Let’s take a look at this expression.

\(X_i\mid \mu,\sigma^2 \sim N(\mu, \sigma^2)\)

\(\mu \mid \sigma^2 \sim N(m,\frac{\sigma^2}{w})\)

\(\sigma^2 \sim InvGamma(\alpha,\beta)\)

We can derive a posterior like below!

\(\begin{align*} P(X_1,...X_n,\mu,\sigma^2)&=P(X_1,..X_n\mid \mu,\sigma^2)P(\mu\mid \sigma^2)P(\sigma^2)\\ &=\prod_{i=1}^{n}[N(X_i\mid \mu,\sigma^2)]\times N(\mu|m,\frac{\sigma^2}{w})\times\tau^{-1}(\sigma^2\mid \alpha,\beta)\\ &\sim P(\mu,\sigma^2\mid X_1...X_n) \end{align*}\)

(3) Monte Carlo Estimation

a. Monte Carlo Estimation

Monte Carlo estimation refers to simulating hypothetical draws from a probability distribution. It is a method to calculate important quantities of that distribution, such as mean, variance.
In Monte Carlo estimation, it simulates a large number of draws to approximate the value which is calculated by the integral.
You can understand easily with the following expression.
There is a function of theta like To calculate the mean of this function, , we have to take an integral like the below.

\(\int h(\theta)p(\theta)d(\theta\))

But instead of using integral, by sampling a large sample, we can approximate this like below. The average of these samples converges in probability to the true mean, by the Law of Large Numbers.

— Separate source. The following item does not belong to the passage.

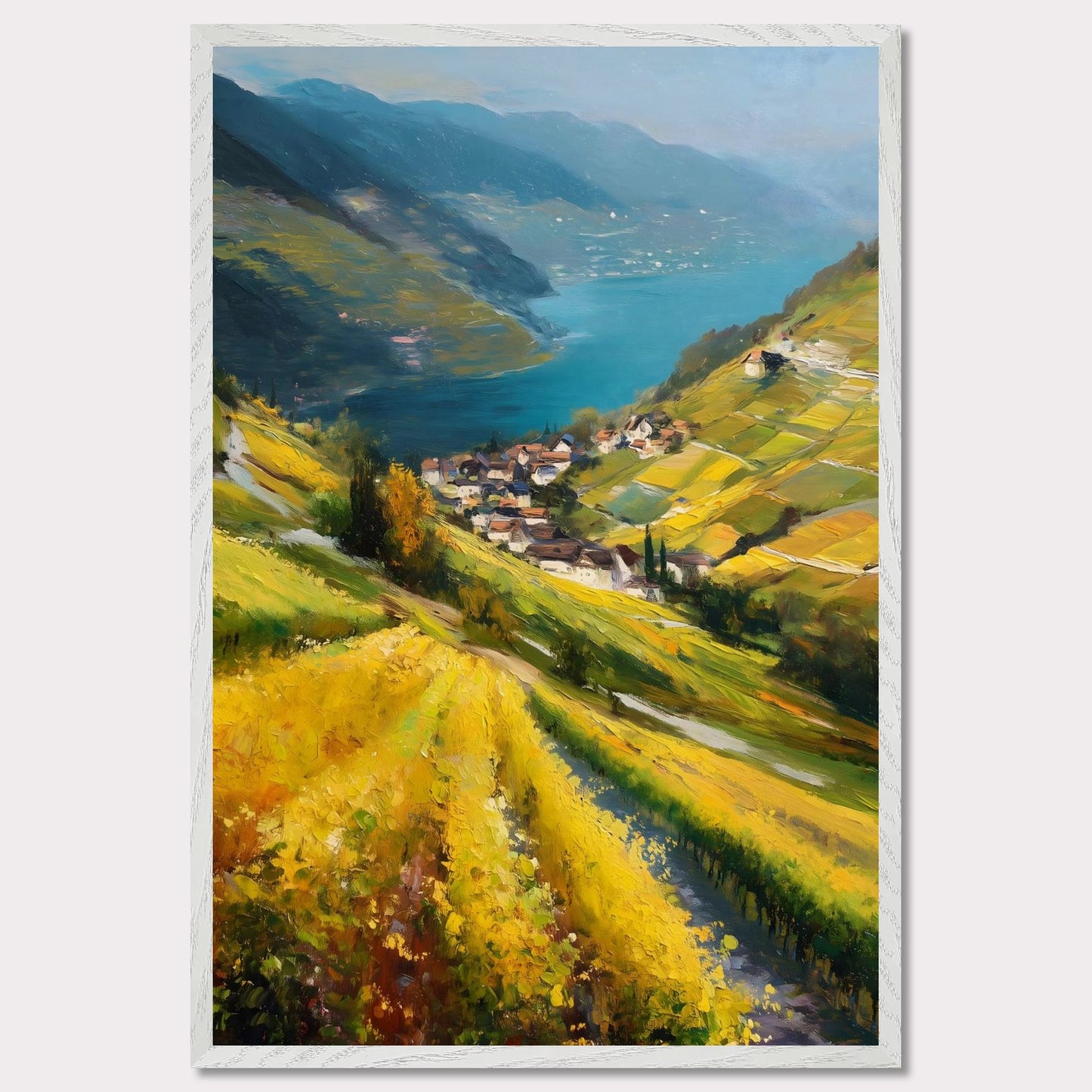 Golden vineyards sweep down steep hills toward a quiet lake village. The water shimmers like a mirror between blue ridges. This image is a flowing hillside, an ode to light, labor, and view.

\(E[h(\theta)] = \int h(\theta)p(\theta)d\theta \approx \frac {1}{m} \sum_{i=1}^{m}h(\theta_i^m)\)

b. Monte Carlo error and marginalization

[ error ]

The sample mean, theta star bar, will follow the distribution below.

\(\bar{\theta^*} \sim N(E(\theta), \frac{Var(\theta)}{m})\)

And the sample variance can be calculated like this.

\(\widehat{Var(\theta)} = \frac{1}{m}\sum_{i=1}^{m}(\theta_i^*-\bar{\theta^*})^2\)

And if we divide the sample variance and take a square root, this will be a standard error.

\(\sqrt{\frac{\widehat{Var(\theta)}}{m}}\)

[ marginalization ]

Let’s say Y follows a Binomial distribution, with n=10 and parameter phi.
And phi follows a Beta distribution with alpha=2,beta=2.

\(y\mid \phi \sim Bin(10,\phi)\)

\(\phi \sim Beta(2,2)\)

The followings are the steps of simulation.

  • Step 1) sample phi* from a beta distribution
  • Step 2) given, phi, draw yi ~ Bin(10,phi*)
  • Then you get a sample (pair) of (phi,yi)
    One major advantage of this (MC simulation) is that you can easily calculate the marginal distribution. In the case of integral, it might have been hard to marginalize out phi, but in this case, using the sample pair, you just discard all the phi’s and use yi’s.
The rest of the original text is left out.